Oysa doğa onların istediği gibi sonsuz büyümelerine izin veremez. Doğal varlıklar sınırlıdırlar. Doğadaki varlık miktarları bellidir. Sermaye ise sınırsız ve sonsuz büyümek istemektedir çünkü buna mahkûmdur. Büyüyemezlerse varlıklarını ve egemenliklerini sürdüremezler.

Bu durumda çok açık seçik anlaşılmaktadır ki, sermayeci düzenin sürdürülmesi mümkün değildir. Bu böyle gidemez! Sermayenin büyümesi, varlığı ve egemenliği için yaşam yok edilemez. Sınırlı ve sonlu olan doğada sınırsız ve sonsuz büyümek hırsı! Yaşama aykırı bu kültür ve politikalarından, düzenlerinden, örgütlerinden kurtulmak gerek.

Öncelikle sermayeci ve mülkiyetçi politikalardan kurtulmak gerek. Bunun yaşamı yok ettiği iyice anlaşılmalı ve anlatılmalıdır. Yaşamın olmadığı dünyada neyin anlamı olabilir ki?

Yeni kültürler üretilmesine olanaklar sağlanmalıdır. Bunun için özgürlükçü hareketler ve istemler desteklenmelidir. Ekonomik yapılanma da bu amaca yönelik olmalıdır. Mülkiyetsiz, sınıfsız, özgürlükçü, eşitlikçi, cinsiyet ayrımcılığının olmadığı bir toplum.

Böyle komünal düzenli bir toplumda yaşamın sürdürülebilirliği de ekolojik sınırlar içinde kalınarak sağlanabilir.

Yaşamın sadece insan türü için değil diğer tüm türler için de sürdürülebilirliği koşulları sağlanmalı, korunmalıdır.
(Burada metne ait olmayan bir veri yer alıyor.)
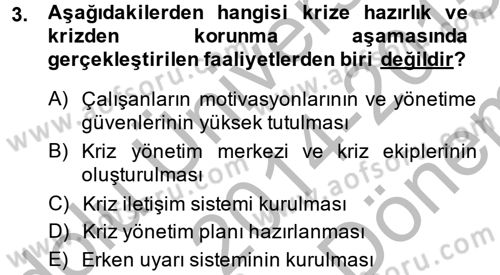 Kamu Yönetiminde Çağdaş Yaklaşımlar Dersi 2014 - 2015 Yılı (Final) Dönem Sonu Sınav Soruları 3. Soru
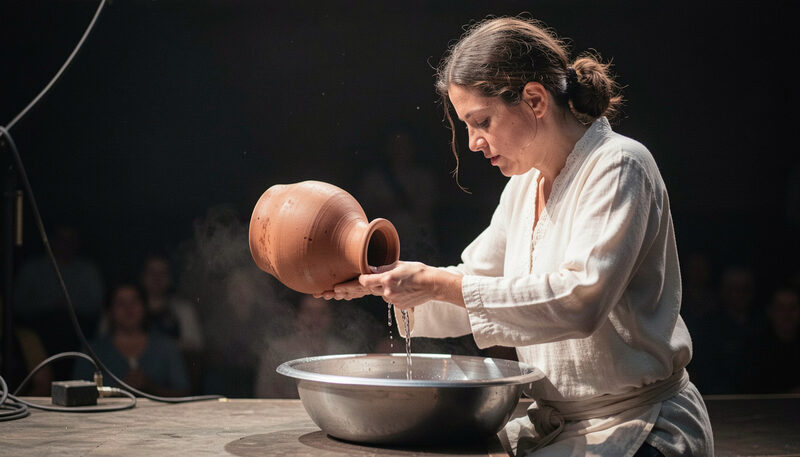 Photographie illustrant : l'eau comme matière d'un spectacle en solo, scene preparee pour le magazine Le Rideau de Bourgogne.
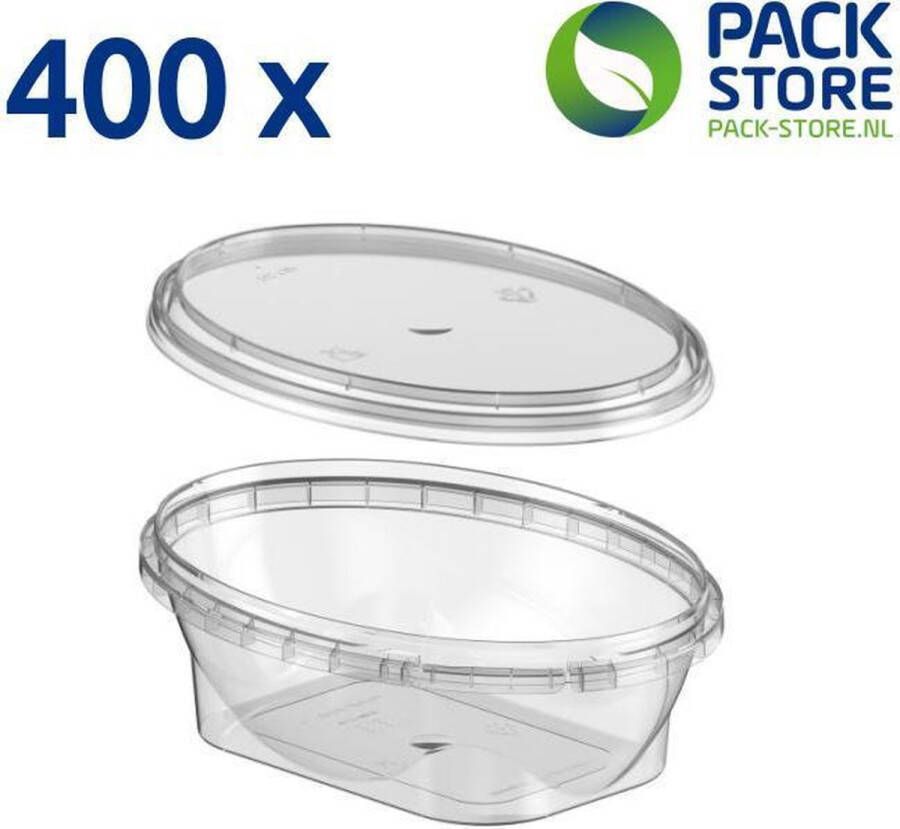Intopack 400 x ovale plastic bakjes met deksel 250 ml vershoudbakjes meal prep bakjes transparant geschikt voor diepvries magnetron en vaatwasser Nederlandse producent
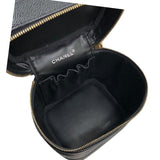 シャネル CHANEL ココマークバニティ A01998 9番台 ブラック×ゴールド金具 キャビアスキン レディース ハンドバッグ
Yani yaşamın sürdürülebilirliği ve anlamlılığı ekolojik komünal toplum ile mümkündür. Yoksa yaşam, dünya, sermaye ve onun siyasal, ekonomik, kültürel egemenliğine bırakılırsa bugün yaşattıklarının çok daha fazlasını yaşatarak yok oluşa sürükler tüm canlı yaşamı.

Yeryüzünde yaşanan doğal olaylara bir bakınız neler oluyor, nasıl ekolojik yıkımlar yaşatılıyor. Yaşam tüm unsurları ile yok ediliyor. Elbette, doğanın bir parçası olan insan toplumlarında da her türlü yıkımlar gerçekleşmektedir bunlara paralel olarak. Her türlü maddi, manevi kayıplar gibi değer yargıları yıkımları da yaşatılıyor; tıpkı doğada olduğu gibi.

İnsanlık tarihinde bugün gelinen yerde bunların bilincinde olmak zorundayız. Yoksa gelecek nesillerimiz olamayacaktır. Türümüzün devam etmesi söz konusu bile değil. Yaşamı kendi türümüz için de başkaca türler için de yok etmeye, tüketmeye hakkımız yoktur. Sınırlı ömründe dünyayı sahiplenmek isteyen gözü dönmüş muhterislerin biriktirdikleri bu dünya düzenini yıkmamız gereklidir.

Yeni dünyayı ekolojik komünal temeller ve özgürlük, eşitlik, kardeşlik kültürüyle kurabiliriz. O zaman da Dünya Çevre Günü’ ne gerek kalmaz!